Then, to the dismay of White House planners, he saw an unscheduled and unexpected visitor: Bill Clinton.
The former president, in Houston for a fundraiser and staying at the same posh hotel as the Saudi leader, headed upstairs after midnight for a private chat that had been arranged only a few hours earlier. Their 90-minute meeting didn't end until 2 a.m.
Presidents are members of one of the world's most exclusive fraternities, those who know firsthand the challenges of the Oval Office. You might think that an incumbent would see his predecessors as valuable resources, as repositories of knowledge and experience, as potential advisers and envoys.
You would be wrong.
Bush seems to have the same jaundiced view toward some of his predecessors that many previous White House occupants have held toward theirs. His aides express exasperation about Clinton's impromptu session with Abdullah two weeks ago, at a time of delicate negotiations and evolving policy. No administration official sat in on the meeting.
And they are annoyed by former president Jimmy Carter's trip to Cuba, which began Sunday with a red-carpet reception. Bush officials see the visit, the first by a sitting or former U.S. president since the 1959 revolution, as a public-relations boon for Fidel Castro and a forum for Carter to espouse closer economic and diplomatic ties with Cuba -- views that conflict with administration policy.
Unlike officials who are appointed by and beholden to the current president, former presidents have no obligation to toe the administration line, of course. They often have their own political agendas and policy views. And they can command attention at home and abroad to have them heard.
All that is precisely why presidents are more likely to see their predecessors as mischief-makers than mediators. The fear: Former presidents will send mixed messages to foreign leaders, blunder into sensitive issues, take credit if something is achieved and perhaps even contribute to an impression that the current president can't manage things by himself.
If former presidents complain that their successors don't appreciate what they still have to offer, current presidents complain that their predecessors don't realize they're no longer in office.
''Presidents aren't eager for their predecessors to assert themselves and take away the spotlight from the man in the White House,'' historian Robert Dallek says. ''What it suggests is somewhere or another the current incumbent is not up to handling the job and needs help dealing with an issue that has escaped his control.''
Reps. Lois Capps, D-Calif., and Jim Leach, R-Iowa, circulated a letter on Capitol Hill last month urging Bush to send his father, Carter and Clinton as a high-level delegation to the Mideast. Each had scored some success on the Mideast during his term. The administration said thanks, but no thanks.
''I don't have a role for either of them at the moment,'' Secretary of State Colin Powell said when asked about a peacemaking assignment for Carter and Clinton. ''But I'm pleased that they continue to keep their interest in the region.''
Only once before in U.S. history have so many former presidents been around. When Abraham Lincoln took office in 1861, five of his predecessors were alive. Then, the limits of 19th-century transportation and communication meant that presidents who left office typically also left the public stage.

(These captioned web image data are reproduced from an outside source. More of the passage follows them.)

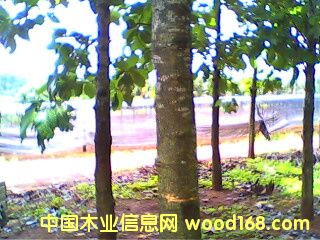 �c(di��n)���鿴�A�乫˾��ľ�֣�3����(sh��)�g���Ŵ�DƬ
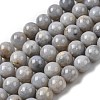 Natural Gemstone Beads Strands G-L641-A01-04-2
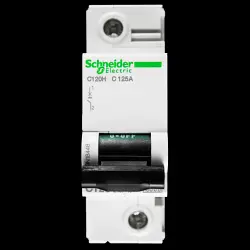 SCHNEIDER 125 AMP CURVE C 15kA MCB CIRCUIT BREAKER A9N18448 C120H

Now, with longer life spans, instant communications and a celebrity culture, former presidents never seem to fade away. Never before has there been such a complicated collection of past rivals still on the scene. There are five living former presidents, four of them in good health. Two are determined to carve out roles for themselves in the world. One happens to be the current president's father.
'Here's what Dad thinks'
The elder Bush is the only former president who is now engaged as an adviser to and informal envoy for the White House, although he never talks about it. Associates say he meets regularly with foreign leaders he got to know during his long career in government -- Abdullah among them -- but the sessions are rarely publicized.
In a USA TODAY interview in February, the elder Bush said he was ''not in the press conference or the op-ed business.'' His son ''doesn't need to have people rushing down to say, 'Here's what your Dad thinks' or (to have) some nuance blown up into a big editorial,'' he added. During the 2000 campaign and the early days of the administration, some aides were sensitive about any suggestion that Bush was leaning on his father.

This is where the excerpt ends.